I’m not going to Rosh haShanah services this week. Synagogue holds no fascination for me. Neither does the liturgy nor the babble of rabbis and pundits. Despite the fact— or perhaps because of it— that Rosh haShanah (the Jewish New Year) and Yom Kippur (Day of Atonement) are the times when most Jews, even nonobservant Jews go to shul, I am staying home.
This will be the first time in over fifty years that I have not attended synagogue on the High Holy Days. I did not pursue a High Holy Day pulpit this year, and one did not pursue me. I knew that if I were to lead services other than those I myself would compose, I would be forced to pretend to beliefs I do not hold, or forced to mangle words in order to make them seem to say what I want them to say, rather than what they do say.
And what they do say is that there is a God “out there” somewhere who watches and judges and decides my fate. I haven’t believed this since I was a kid. There is no “out there” and judging and deciding require a human–like consciousness that God, as I understand God, just doesn’t have.
I have been told I should go to shul not for God but for community. But there is no real meeting with people at High Holy Days.
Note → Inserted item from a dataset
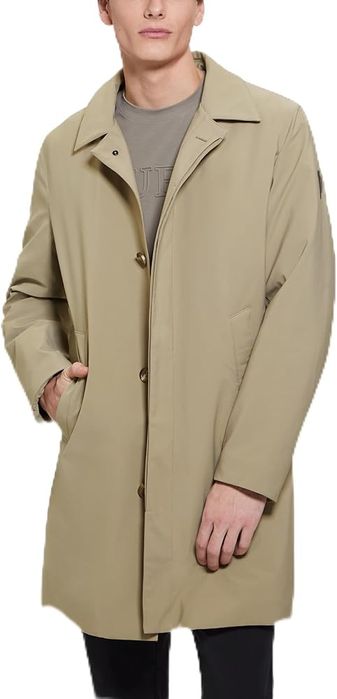 Чоловічій плащ тренч Guess XL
It is too crowded, too formal. To sit in pews and read words that only antagonize me is not a catalyst for community. I would rather sit in silence and then speak intimately with others from the heart.
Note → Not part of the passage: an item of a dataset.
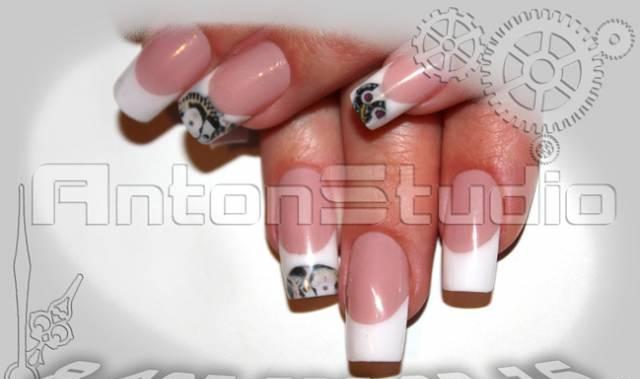 Наращивание ногтей. Антикризисные цены Москва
So I shall go on retreat for Rosh haShanah and Yom Kippur. I shall leave town and walk in the woods and make a sacred pilgrimage to the center of my being by walking a local labyrinth. And I will pray. I will pray as I always do: speaking directly to God without a fixed text; simply pouring my heart out to Her and having Her reflect my suffering and my joy back to me that I might better learn how to shoulder the burdens of my life and lessen the burden I place on other lives.
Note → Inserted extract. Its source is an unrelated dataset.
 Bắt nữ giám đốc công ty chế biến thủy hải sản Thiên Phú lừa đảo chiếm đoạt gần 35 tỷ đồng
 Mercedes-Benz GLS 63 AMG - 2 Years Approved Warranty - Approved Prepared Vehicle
Yet I will pray one traditional piece of liturgy: “Who shall live? Who shall die?” This is the one liturgical insight that matters to me: who shall live and die and suffer and rejoice… We don’t know (though in a sense the answer is “me”). The prayer solves nothing, reveals nothing. It says that we cannot know today what will befall us tomorrow, but that we can live each day with repentance, prayer, and generosity. This is a New Year challenge that never grows old or stale or meaningless for me.
Another Rosh haShanah tradition I value is asking for forgiveness, so let me close with this: If I have hurt any of you this year, knowingly or unknowingly, advertantly or inadvertently, I ask your forgiveness. And if I have not caused you pain, just give me time.